You may also like: Implementing Validation for RESTful Service With Spring Boot

The Problem

The main problem of 99.99 percent of web apps is that they have users (and feel free to tweet this). As a result, there is a huge human factor, which leads to a tremendous amount of inappropriate interactions with web applications. One of my favorites is invalid data input. For example, the user may enter "blablabla" in an email field, "MyNickName" in a phone number field or even leave a form field empty when it's required.

It's a fact that every data model in any application has its own validation rules. Let's consider a book model:

type Title = String
type Author = String

case class Book(title: Title, author: Author)


For simplicity, let's assume that title and author have only one requirement — not empty field. What does it mean from a REST API point of view? In case when any of these fields is empty, a response should be 400 Bad Request; also, it should contain an explanation of validation errors:

[
    {
        "fieldName": "title",
        "message": "Must not be empty"
    },
    {
        "fieldName": "author",
        "message": "Must not be empty"
    }
]


With such a response, it's easy to reflect on UI what exactly went wrong.

JSON Validation in http4s

I spent plenty of time while investigating how it's better to organize JSON request validation.
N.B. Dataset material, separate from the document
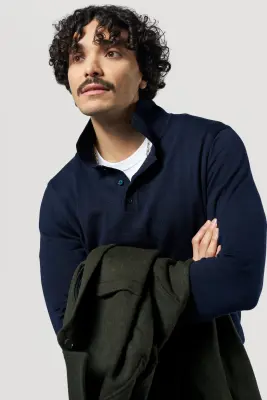 Le pull col polo - Bleu marine — photo 5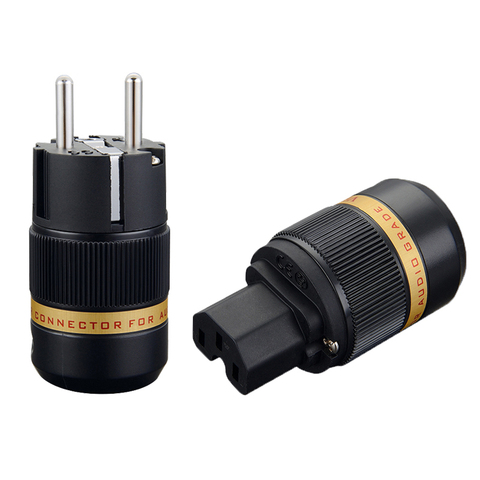 Viborg VE501R+VF501R Pure Copper Rhodium Plated Schuko EU Power Plug European Male connector+IEC Female Connector Plug ► Photo 1/4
In long Gitter discussions and StackOverFlow threads, I came up with the following solution. Firstly, we need to declare some data models that describe possible validation errors:

import cats.data.NonEmptyList

type FieldName = String
type Message = String

final case class FieldError(fieldName: FieldName, message: Message)

type ValidationResult = Option[NonEmptyList[FieldError]]


Now, we can go ahead and use these models to define two validation abstractions:

trait Validator[T] {
  def validate(target: T): ValidationResult
}

trait FieldValidator[T] {
  def validate(field: T, fieldName: FieldName): ValidationResult
}


Here, Validator[T] is needed for describing a certain validator for a particular case class. Whereas FieldValidator[T] aims to describe a certain validation rule for a particular field of a case class. Now, we can make the next logical step and create some real field validators. Let's assume that we want to ensure that a String type field can not be empty:

case object NotEmpty extends FieldValidator[String] {
  def validate(target: String, fieldName: FieldName) =
    if (target.isEmpty) NonEmptyList.of(FieldError(fieldName, "Must not be empty")).some else None
}


As you can see, the NotEmpty case class describes this rule. What about a more flexible example? Let's say we need to validate a String type field by its length:

case class WithLength(min: Int, max: Int) extends FieldValidator[String] {
  def validate(target: String, fieldName: FieldName) =
    if (target.length < min || target.length > max)
      NonEmptyList.of(FieldError(fieldName, s"Length must be between $min and $max")).some else None
}


By using the same approach, you can create any custom rule for an arbitrary type.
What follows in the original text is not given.